PP hangs when pipeline_parallel_microbatches < pipeline_parallel_degree #775

cassanof · 2025-01-06T00:37:32Z

Pipeline parallelism seem to hang when the number of microbatches is less than the degree.
This issue occurs for both the standard and interleaved 1F1B schedules. Have not tested other schedules.

H-Huang · 2025-01-07T22:59:14Z

Thanks for flagging @cassanof. There is a bug for the number of microbatch calculations for the multi-stage schedules. This PR fixes that: #781

But weirdly, I don't get a hang when trying to reproduce your issue for num_microbatches < pipeline_parallel_degree, I get an error like:

File "/home/howardhuang/local/pytorch/torch/distributed/pipelining/schedules.py", line 345, in check_type_and_len
      raise ValueError(
  ValueError: Expecting 4 arg_mbs but got 2

Perhaps you are using an older pytorch version, maybe there was a fix added in the pytorch repo? Anyways, once #781 is landed could you try again and see if that fixes your issues? Thanks!

cassanof · 2025-01-07T23:29:54Z

Thanks a lot for picking this up!

I'm using the following version of pytorch:

2.6.0.dev20241228+cu126

Happy to report if the issue is resolved after your PR!

H-Huang · 2025-01-07T23:46:13Z

#781 was landed!

cassanof · 2025-01-08T00:10:46Z

It still seems to hanging at the first microbatch. By the way, I should have said that earlier, I am using PP=8 with 8 GPUs, therefore it's just 1D PP.

H-Huang · 2025-01-09T22:31:15Z

Can you also ensure that batch_size >= num_microbatches? Added a validation for this in this PR (#784).

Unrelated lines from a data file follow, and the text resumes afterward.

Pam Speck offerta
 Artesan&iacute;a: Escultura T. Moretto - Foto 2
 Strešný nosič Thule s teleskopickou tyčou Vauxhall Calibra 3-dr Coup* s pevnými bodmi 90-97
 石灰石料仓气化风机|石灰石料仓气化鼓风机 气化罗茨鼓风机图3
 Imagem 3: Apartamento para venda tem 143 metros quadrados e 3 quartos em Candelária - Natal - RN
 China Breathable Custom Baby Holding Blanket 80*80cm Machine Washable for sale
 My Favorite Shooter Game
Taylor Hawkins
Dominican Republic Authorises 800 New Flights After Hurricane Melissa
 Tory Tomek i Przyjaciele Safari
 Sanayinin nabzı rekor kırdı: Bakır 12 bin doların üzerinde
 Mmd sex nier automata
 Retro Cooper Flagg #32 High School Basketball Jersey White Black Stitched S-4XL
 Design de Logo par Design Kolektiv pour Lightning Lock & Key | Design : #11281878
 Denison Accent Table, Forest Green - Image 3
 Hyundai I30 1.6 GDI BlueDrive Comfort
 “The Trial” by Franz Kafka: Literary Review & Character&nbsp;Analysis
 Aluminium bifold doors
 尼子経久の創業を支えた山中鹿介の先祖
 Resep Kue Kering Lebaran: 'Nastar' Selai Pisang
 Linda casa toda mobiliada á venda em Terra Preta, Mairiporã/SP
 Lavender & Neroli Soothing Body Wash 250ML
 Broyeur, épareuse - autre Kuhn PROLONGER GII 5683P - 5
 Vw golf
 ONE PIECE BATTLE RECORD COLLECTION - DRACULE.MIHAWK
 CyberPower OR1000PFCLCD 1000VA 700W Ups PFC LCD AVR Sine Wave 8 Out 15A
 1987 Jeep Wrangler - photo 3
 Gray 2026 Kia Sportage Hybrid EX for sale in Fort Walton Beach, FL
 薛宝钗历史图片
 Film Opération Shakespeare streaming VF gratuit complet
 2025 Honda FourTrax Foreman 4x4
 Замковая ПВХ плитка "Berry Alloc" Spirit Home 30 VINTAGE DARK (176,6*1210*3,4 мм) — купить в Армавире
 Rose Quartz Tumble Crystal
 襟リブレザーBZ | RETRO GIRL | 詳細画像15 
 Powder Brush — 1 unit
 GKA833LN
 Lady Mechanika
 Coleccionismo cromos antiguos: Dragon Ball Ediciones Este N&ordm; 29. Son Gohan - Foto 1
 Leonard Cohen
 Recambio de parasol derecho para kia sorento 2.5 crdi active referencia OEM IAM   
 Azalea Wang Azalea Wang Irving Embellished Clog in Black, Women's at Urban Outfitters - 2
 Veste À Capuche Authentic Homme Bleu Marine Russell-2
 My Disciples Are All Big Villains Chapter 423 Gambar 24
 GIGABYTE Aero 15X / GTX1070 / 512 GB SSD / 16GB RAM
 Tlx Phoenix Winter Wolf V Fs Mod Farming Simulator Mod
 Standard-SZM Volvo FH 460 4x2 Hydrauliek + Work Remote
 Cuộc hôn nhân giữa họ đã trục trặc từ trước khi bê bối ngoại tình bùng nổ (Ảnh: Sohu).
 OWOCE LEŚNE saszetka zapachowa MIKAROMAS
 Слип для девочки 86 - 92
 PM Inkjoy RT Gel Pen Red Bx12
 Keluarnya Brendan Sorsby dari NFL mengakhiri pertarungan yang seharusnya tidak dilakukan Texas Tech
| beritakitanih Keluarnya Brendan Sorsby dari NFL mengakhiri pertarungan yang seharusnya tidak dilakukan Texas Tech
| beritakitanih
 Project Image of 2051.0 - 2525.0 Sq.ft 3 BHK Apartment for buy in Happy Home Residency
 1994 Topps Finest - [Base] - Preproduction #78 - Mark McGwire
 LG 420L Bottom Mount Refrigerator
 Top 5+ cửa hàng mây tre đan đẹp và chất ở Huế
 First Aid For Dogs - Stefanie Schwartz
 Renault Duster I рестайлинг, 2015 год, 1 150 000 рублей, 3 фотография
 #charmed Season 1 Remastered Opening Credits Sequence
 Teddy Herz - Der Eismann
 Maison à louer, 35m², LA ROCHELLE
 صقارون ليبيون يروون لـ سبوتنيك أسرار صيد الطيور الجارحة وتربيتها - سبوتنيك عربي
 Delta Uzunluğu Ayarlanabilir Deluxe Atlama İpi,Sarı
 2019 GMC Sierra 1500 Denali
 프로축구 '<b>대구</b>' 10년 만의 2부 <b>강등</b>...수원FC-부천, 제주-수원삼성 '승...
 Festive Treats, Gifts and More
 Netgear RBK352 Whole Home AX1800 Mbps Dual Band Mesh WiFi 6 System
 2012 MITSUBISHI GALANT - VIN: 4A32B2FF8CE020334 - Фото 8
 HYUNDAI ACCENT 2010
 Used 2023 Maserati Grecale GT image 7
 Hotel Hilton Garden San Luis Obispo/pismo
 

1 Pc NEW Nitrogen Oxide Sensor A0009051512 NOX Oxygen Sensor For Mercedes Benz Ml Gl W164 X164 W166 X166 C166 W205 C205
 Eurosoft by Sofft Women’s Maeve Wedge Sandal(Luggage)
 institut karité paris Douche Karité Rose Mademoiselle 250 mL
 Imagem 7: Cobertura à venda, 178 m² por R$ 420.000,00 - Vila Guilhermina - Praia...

Pipelining is implemented with P2P ops between different ranks. I'm thinking what is happening in your case is maybe the process crashed for rank 0, and rank 1 is waiting to recv from it, which subsequently causes other ranks to also wait for their recvs. Though you should see an error for rank 0 unless that is getting swallowed somehow.

Could you paste your .toml file so I can try your exact configs as well? Thanks!

cassanof · 2025-01-11T06:31:23Z

Hi!

Yes, batchsize == microbatch size in my setting. I'm logging every rank, it hangs and at some point NCCL times out.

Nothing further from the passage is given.